In my experience, 90% of the time alternate endings are weird. I do not like them in traditional storytelling, and I feel like the majority of stories that incorporate more than one ending do so inappropriately. Alternate endings do have their place, but they require a very specific type of story in order to pull it off. I'll be mentioning video games again here, because recently the gaming medium has been the only one to tackle alternate endings in a widespread manner (to varying degrees of success).
I'm going to be bold and outright say that no traditional story should ever be given an alternate ending. Yeah, you can argue that they're an interesting side feature to see on a blu-ray, much like deleted scenes — but that's all they are. An interesting extra. When you have movies like
28 Days Later that screened with the alternate ending being played after the first one, it creates a jarring lack of closure for the audience. The fact that the directors preferred this alternate ending to the one in the final cut (and only changed it because it tested badly with audiences) further muddies the water. I have no problem with people changing the endings to their stories pre-release for whatever reason, but I feel as though offering two very different conclusions side by side undermines the integrity of a story, and damages the product as a whole. It becomes hard to discuss a story critically when you have to view the entire thing in the context of not one, but two (or more) separate conclusions. Ultimately, it's confusing.
Now that isn't to say that viewing the same material through different filters can't be very interesting and provocative — but it all depends on the type of story you're trying to tell. As I mentioned, traditional storytelling relies on a single, conclusive, wrap-everything-up-and-give-us-closure type of ending. So what's an example of a good alternate ending? The recent Deus Ex game,
Human Revolution offers the player a choice of no less than four different endings. Surely that's even
more awful and convoluted, right?
Well, no. Because from the start,
Human Revolution is set up as a commentary on the theoretical (for now) issue of
transhumanism becoming a central part of society. Throughout the game the player is presented with a series of moral viewpoints that explore different sides of the issue, and the entire storyline is deliberately ambiguous on which one of these viewpoints might be considered the "right" one.

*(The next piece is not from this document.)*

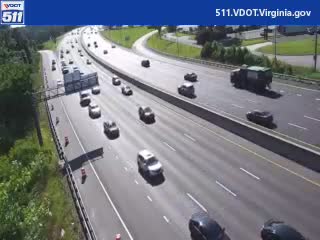 Minute 5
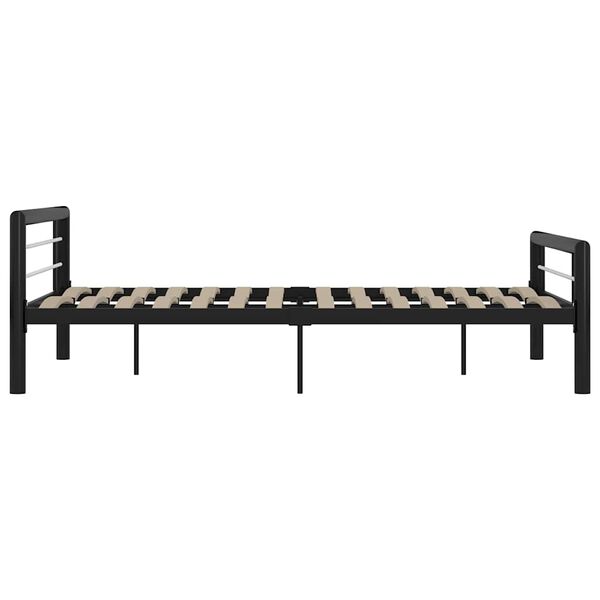 Viser produktbillede 4 af 6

As a result, any conclusion that favoured one perspective over the others would undermine the entire debate the game intended to provoke. It feeds the player information about the issue throughout the entire storyline, and at the end presents us with the question: "What do you think? What conclusions have you reached after all of this?"
As a result, each ending provides a different monologue that concludes the protagonist's story with him reaching a decision (or not, as one option allows) about his stance on transhumanism. Without alternate endings, the story could never have provided as satisfying a conclusion on the subject without becoming biased in a viewpoint that the player might not agree with.
Unfortunately though,
Human Revolution is the exception, not the rule. A lot of games handle alternate endings awfully (at least from a story perspective), often concluding in a "bad ending" if the player hasn't jumped through the requisite hoops to see the "good" or "true" ending along the way. On a game design level this ties into things like replayability, but story-wise it often ruins the conclusion to a narrative by purposefully giving the player an unsatisfying ending to their experience. It's even worse when story elements are deliberately left unresolved in these "bad" endings. That's straight up crippling your storytelling on purpose.
So, while I do think alternate endings have their place in a certain kind of narrative (namely, an ambiguous one), they really add nothing to a traditional narrative. In fact, I'd argue that they damage it by feeding the audience conflicting information.
And let's not even get into
going back to change your ending post-release because people didn't like it.